George Clancy - simply a man who must be called by both his first and last name - awoke from his daily nap underneath a pile of newspapers at the local library at his daily time of roughly three in the afternoon. It was a pleasant enough nap, but he still woke up feeling groggy. He stroked the muzzle that had grown during his respite, as he was a hairy man, and could emerge at three in the afternoon with a five o'clock shadow with the greatest of ease. His greatest claim to fame is that he grew a full beard in the course of four hours - all while awake. Some doubt that that such grizzliness can abound on the chin and lower jaw during cognizance, but George Clancy begs to differ. And he does, constantly, since few people outside of his immediate family (Blanche, his blind wife who lost both of her hands while she was helping a friend of hers move a couch into an apartment; their fourteen year old son, Ernest, with the wild imagination and comb-over; and his uncle Leroy, whose greatest claim to fame is that he will believe anything told to him more convincingly than anyone else) believe his hair-growing powers. All of this he thought about upon waking up from his night. So, to assuage his mind, he called his uncle Leroy from the local library's public phone, under the pretense that it was local call, when in actuality, it was long-distance:
"Leroy, remember that time when I grew a full beard in two hours, all while awake!"
"Of course! Unless you're George Clancy, that's something that doesn't happen every day!"
"See, you believe me! I feel like no one believes and it makes me so upset that I want to grow a beard so big that it will eat the whole town."
"Did that really happen?"
"It may as well!"
"Wow. I'd think I'd remember being eaten by a tsunami of a beard, but my memory's not as sharp as it used to be, apparently. They say it happens in the mid-thirties; you know, the autumn years."

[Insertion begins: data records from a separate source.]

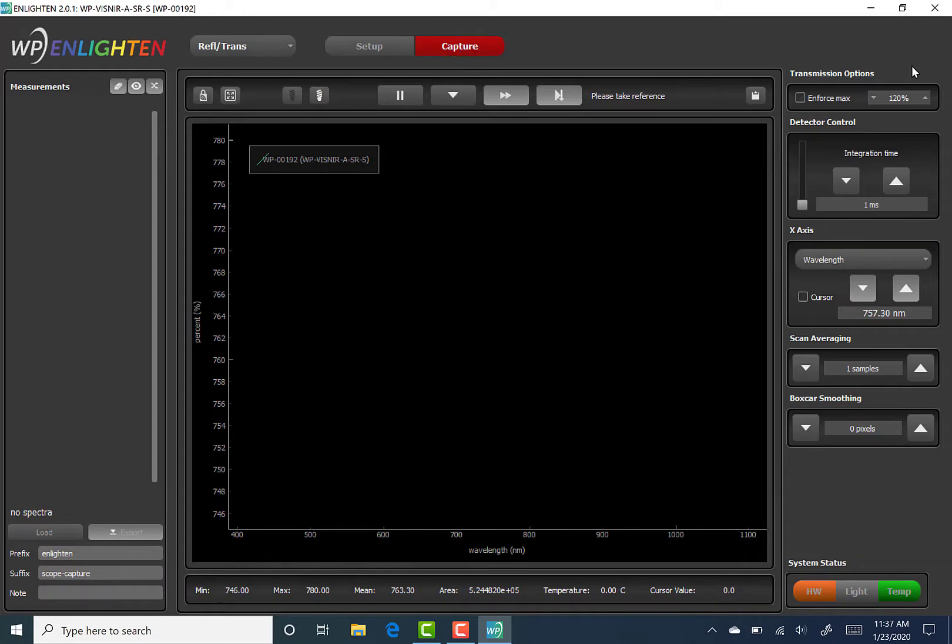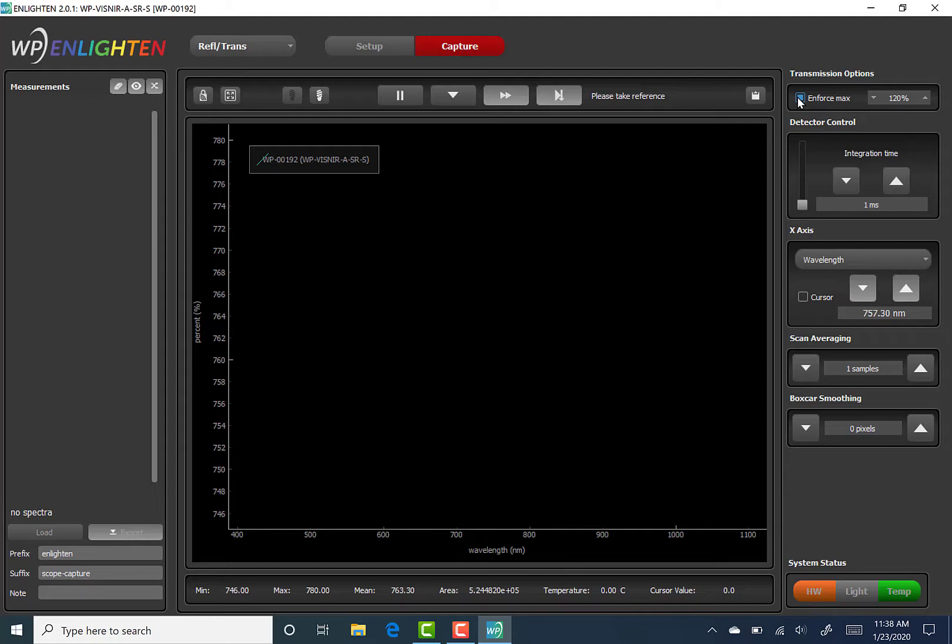In order to set the transmission scale to the Maximum Transmission, click the box to the left of Enforce Max. Instead of Maximum Transmission, you can use the up and down arrows to the right and left with the percentage value, like so. The numeric field itself is editable, so the user can easily click inside the box and edit the value directly.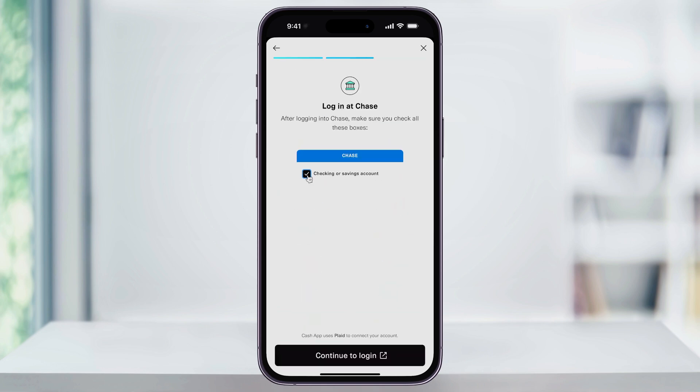Next, log in using your online banking account username and password. The process here is going to be a little bit different depending on your bank, but in general, you'll be asked to enter your credentials and then possibly go through a quick verification.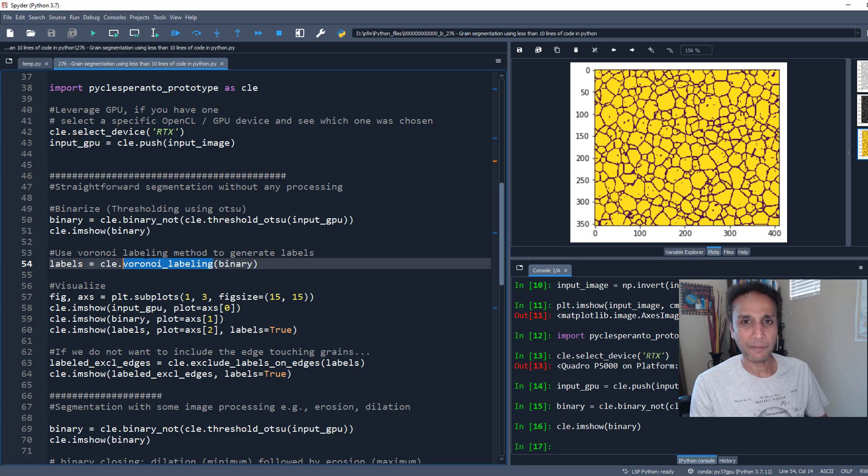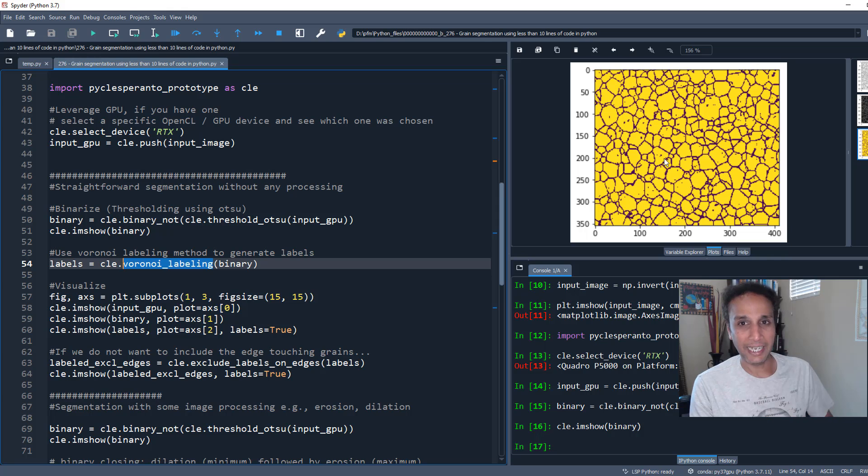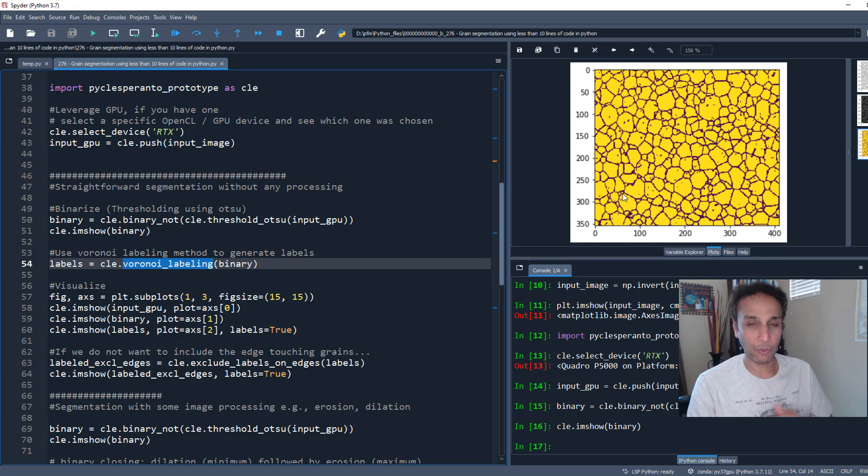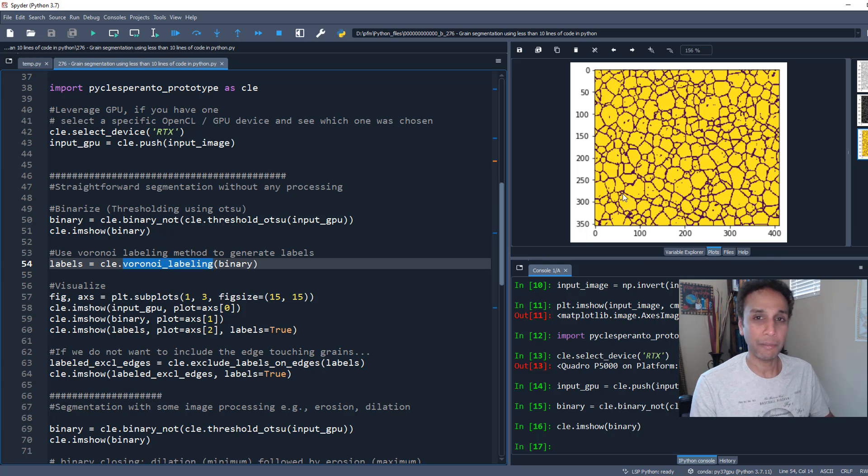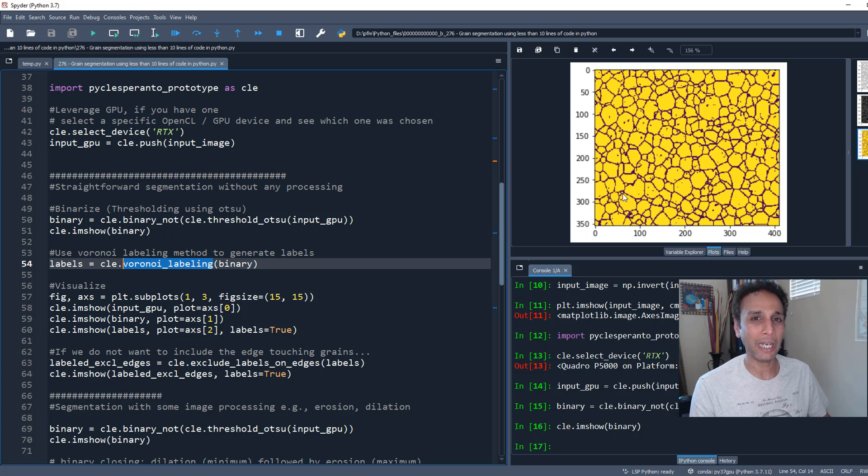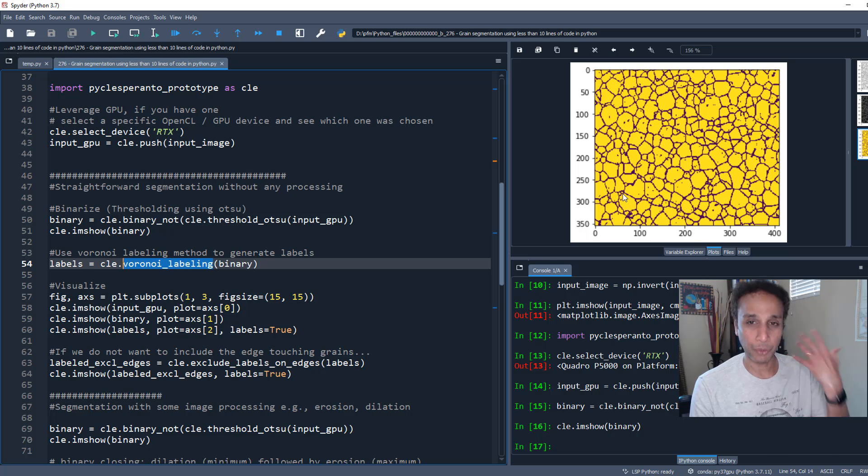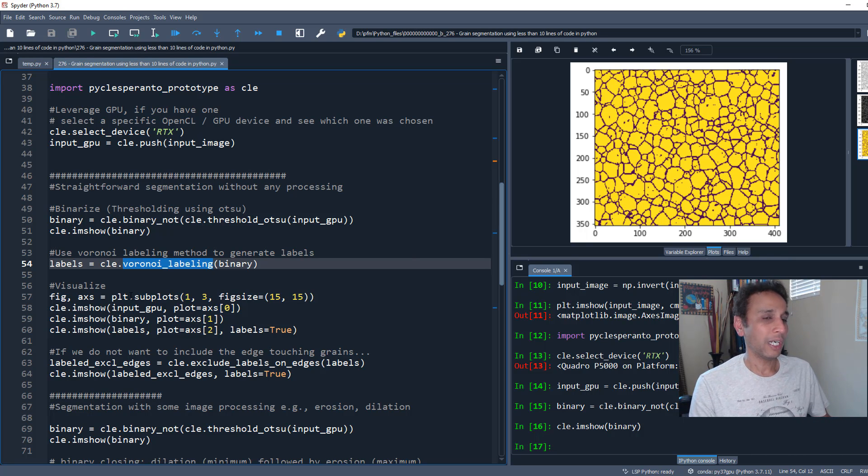Now let's do watershed labeling. What does watershed do? It finds the centers of each grain and uses that as a seed, dividing your areas into different watershed regions. If you have no clue what I'm talking about, go back to videos 273, 274, 275.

There was a slight, albeit awkward pause, but George Clancy brought it back up when he rememberd his exact reason for calling.
"Do you still work for the newspaper?"
"When I don't lose my keys, I can usually write a story or two."
"I need you to write about how I grew two full beards in one hour."
"How does that work? Like, did you grow one beard, but underneath that beard, another beard was lying dormant, and then one day, like Vesuvius, errupted?"
"Sort of..."
"Golly!"
"Will your story make me famous?"
"In Belfield, North Dakota it will, yes."
"Can't you ship the story out of the state, somehow?"
"I write the story - usually any story - and then I don't fact-check it because I trust people, and then it gets printed, and then I have no control over it. I suppose I could drive the newspaper over to South Dakota..."
"And then to all the other states?"
"You South Dakotians are all about fame, aren't you?"
"I grew three beards in the course of a half hour! I deserve to be famous that doesn't happen to anyone else!"
"It happens to my cat, Ambrose, all the time!"
"Really? Damn. I thought I was the only one."
"Nope. Ambrose, too."
"I always get that stupid Christmas card with that picture of your cat, and I've never seen him with a beard..."
"Well, he shaves beforehand. You know how cats are."
"Are you going to write that story?"
"About my cat?once a month I do, yes, but I don't write about his beard because I don't want the fame going to his head."
"Then what on earth do you write about?"
"Well, I don't want to spoil the next article for you, but it's a top ten list of placesI'm mostly likely to find Ambrose curled-up. The important things."
George Clancy sighed, then said:
"I feel like this was a giant waste of time."
"Not for me. It's not often you hear about a cat growing a beard. My stars!"
"We were supposed to be talking about ME growing a beard!"
"But that's not NEW to me. For goodness sakes, I already knew about your abilities. You spent half of your toast at my second-wedding trying to convince everyone about it, you grizzled maniac."
"So write about it!"
"I have to follow the journalist's creed: If it's new to me, then it's news. If it's not new to me, then it probably isn't news, and I'm not going to write about it. I took an oath, and I'm loyal to my cause."
"Fine, then! I'll just live out the rest of my days in obscurity like a once-famous actor - minus the famous part - with a really big beard!"
And then George Clancy hung the phone up angrilly - he always hung the phone up like that, even if it was a pleasant phone call, for he was a dramatic man - stroked the gigantic mass of hair that abounded on his chin and lower jaw, that was now, for the first time, starting to show signs of gray.